業界誌掲載の“ラウンドテーブル”全文

9月7日付東京交通新聞掲載
運送業では、目的地に早く到着できるほど運賃が高くなるのが普通だ。学術的には、時間費用と運賃との合計が小さくなるように行動するので、移動の時間が短縮できることにコストをかける選択になる。流しのタクシーに乗車しようとする場合、待つ費用以上の価格差がない限り安いタクシーが選ばれることもない。移動という目的だけを考えた場合は、時間価値の重みは大きい。
ところが、タクシーだけは到着が遅くなるほど運賃が高くなる不思議な乗り物だ。時間距離併用運賃は、かつて諸先輩方が苦労して勝ち得た制度なのかもしれない。しかし、利用者の視点で考えた“運賃”とは思えない。素直に今の制度を肯定して考えてみると、タクシーは運送業ではなくサービス業を選択したものだとの結論になった。信号待ちでいくら、30分いくらという価格の設定は、運賃ではなくサービス料金の考え方だ。
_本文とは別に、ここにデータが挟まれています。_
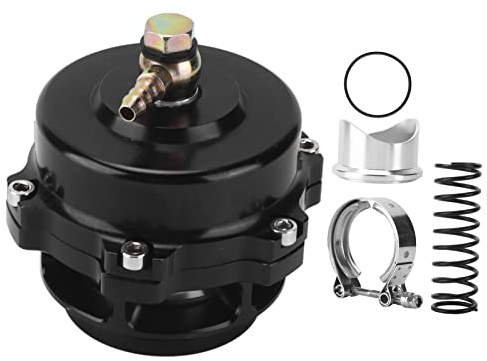 Valvola di Scarico V Band 50mm con Flangia da Saldare 35psi in Metallo e Gomma Universale per Auto Sostituzione Perfetta Installazione Semplice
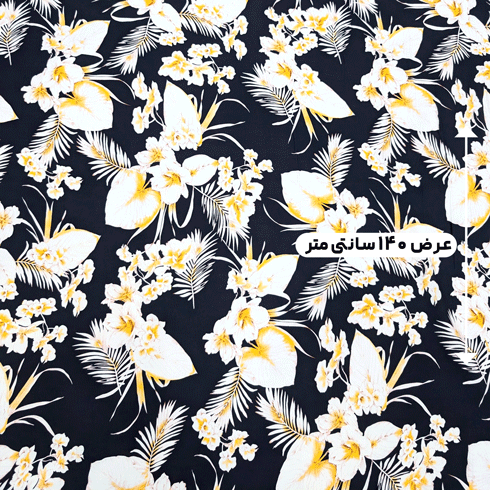 پارچه نخی گلدار رنگ 738-2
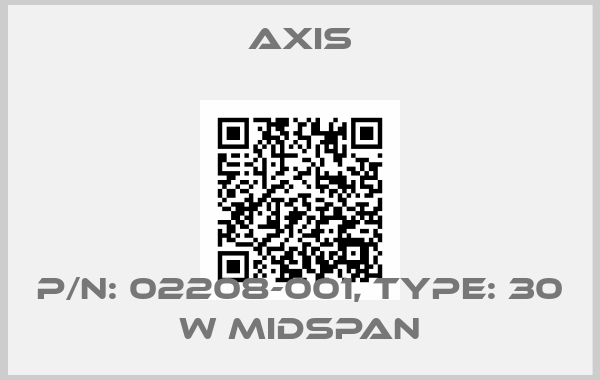 Axis-P/N: 02208-001, Type: 30 W MIDSPAN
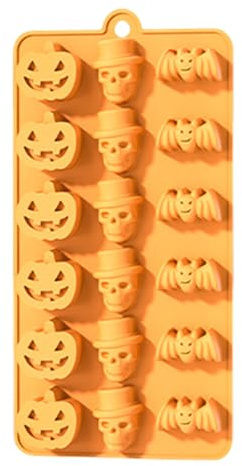 Molde Para Caramelos Halloween | Moldes de Silicona para Caramelos y Chocolate - Utensilios De Horneado Resistentes A Altas Temperaturas Para Postres De Fiesta Galletas Decoración De Pastel De Gelatin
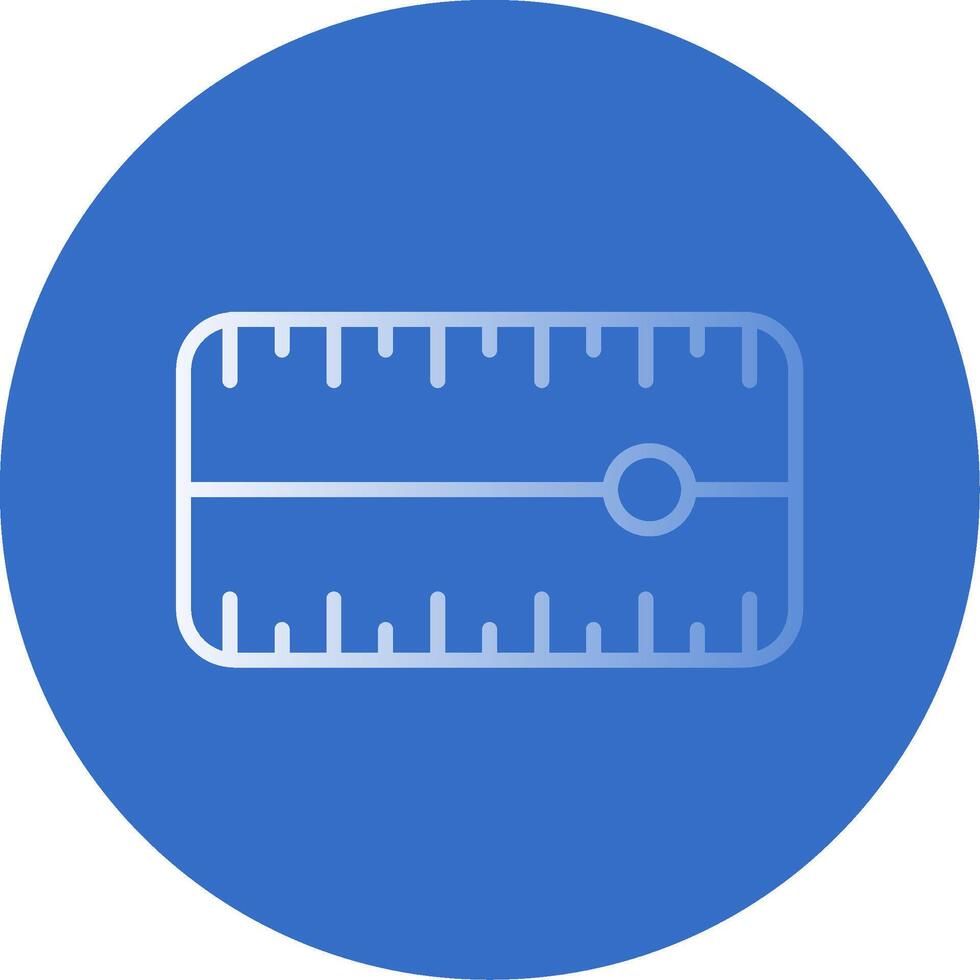 Dial Flat Bubble Icon vector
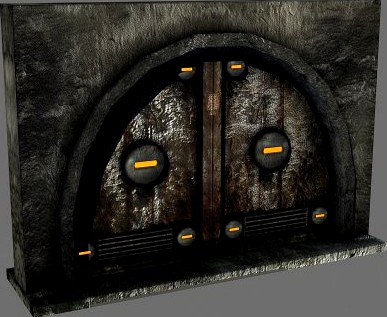 Low poly Gate 3D Model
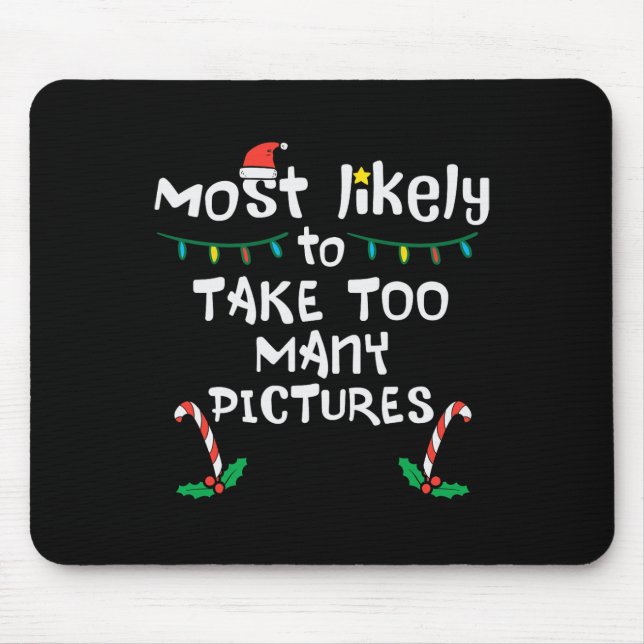 Am wahrscheinlichsten nehmen Bilder Weihnachts Wei Mousepad (Vorne)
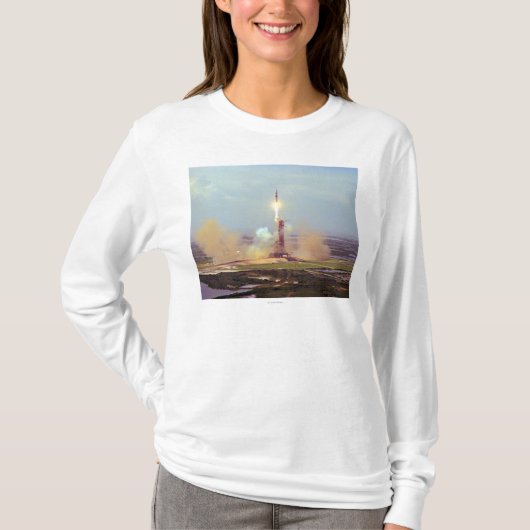 Het proefproject Saturn IB van Apollo Soyuz T-shirt (Voorkant)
タクシーの対価が、果たしてサービス料金でいいものかどうかということには異論がある。しかし、その方向転換には相当な困難を要するものと想像できるので、とりあえずはこの料金の考え方に合ったタクシーであるべきだと思う。すなわち、お客様が対価を支払ってもいいと思えるような環境や時間を提供することだ。1Q84のシンフォニエッタのような音楽や、他では得られないようなグルメ情報、車内でパソコンが開けるような工夫もいいかもしれない。「急がない場合でもタクシーを利用する」という選択者を増やしていく努力が必要だろう。